1. **Error: `SQL compilation error: Invalid identifier INFORMATION_SCHEMA.QUERY_HISTORY_BY_SESSION. Results not generated.`**

- **Cause**: This occurs when the Snowflake role used for the integration no longer has permission to access the `INFORMATION_SCHEMA` of the specified Snowflake database. Amplitude requires access to this schema to check the status of queries running on the customer's Snowflake instance.
- **Solution**: Ensure that the role used for the integration has the necessary permissions to access the `INFORMATION_SCHEMA` in the target Snowflake database. This issue often arises if the role was recently changed or updated without maintaining the appropriate access.

1. Error: `JWT token is invalid.`

- **Cause**: This error appears when there is a mismatch between the public key attached to the given user and the private key Amplitude generates for key pair authentication.
- **Solution**: Ensure that the public key is properly set on the given user, and that you provide the account in the format `ORGNAME-ACCOUNTNAME`. If the account has an account locator at the end, key pair authentication may not succeed, even if the public key is set properly. To get the account identifier in the correct format, run `SELECT CURRENT_ORGANIZATION_NAME() || '-' || CURRENT_ACCOUNT_NAME();` in your Snowflake instance.

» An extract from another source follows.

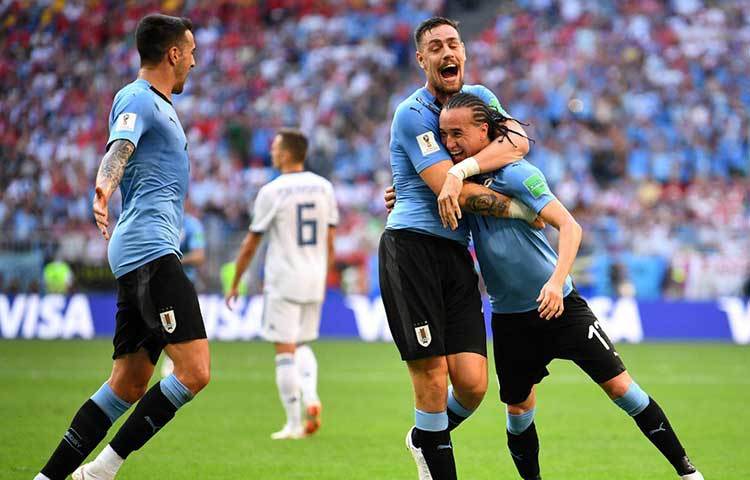 ১৯৩০ সালে প্রথম বিশ্বকাপেই এই নজির গড়ে উরুগুয়ে। নিজের দেশেই এই রেকর্ড গড়ে তারা। ফাইনালে আর্জেন্টিনাকে হারিয়ে চ্যাম্পিয়ন হয় উরুগুয়ে।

## Frequently asked questions

Review the topics below if you encounter issues with your Snowflake integration.

### What happens when a Snowflake query times out?

When a Snowflake query times out, Amplitude automatically retries the query using an exponential backoff strategy. Each retry attempt waits progressively longer than the previous one, giving Snowflake more time to process the request successfully.

### How many times does Amplitude retry failed queries?

Amplitude attempts up to 8 retries (9 total attempts including the initial query) before marking an import job as failed. Each retry attempt starts fresh, ensuring a consistent approach to retrieving your data.

### Why is ABORT_DETACHED_QUERY set to FALSE?

Setting `ABORT_DETACHED_QUERY = FALSE` at the account level prevents Snowflake from silently canceling import queries that run longer than 5 minutes. Without this setting:

- Snowflake cancels long-running queries without notification.
- Amplitude interprets this as a temporary failure and retries.
- This can lead to duplicate events and inflated event counts.

While this setting doesn't change Amplitude's retry mechanism, it prevents unnecessary retries caused by Snowflake's automatic query cancellation.

### How can I prevent duplicate data during imports?

To prevent duplicate data during retries and overlapping imports:

- **Include an `insert_id`**: This unique identifier allows Amplitude to detect and ignore duplicate events.
- **Set proper retry settings**: Configure `ABORT_DETACHED_QUERY = FALSE` to prevent unnecessary retries.

Without an `insert_id`, Amplitude treats every incoming event as new, potentially leading to duplicate data, inflated event counts, and inaccurate analytics.

### Is there any risk of data loss during query timeouts?

No, there is no risk of data loss when Amplitude import jobs time out. Here's why:

- **Read-only operations**: Amplitude only reads data from your Snowflake instance. It never modifies, deletes, or writes to your tables.
- **Source data protection**: Timeouts occur during data transfer, not during any operation that could affect your source data.
- **Automatic retries**: Amplitude automatically retries failed imports up to 8 times, giving your data multiple opportunities to import successfully.

Your Snowflake data remains safe and unchanged regardless of import job outcomes.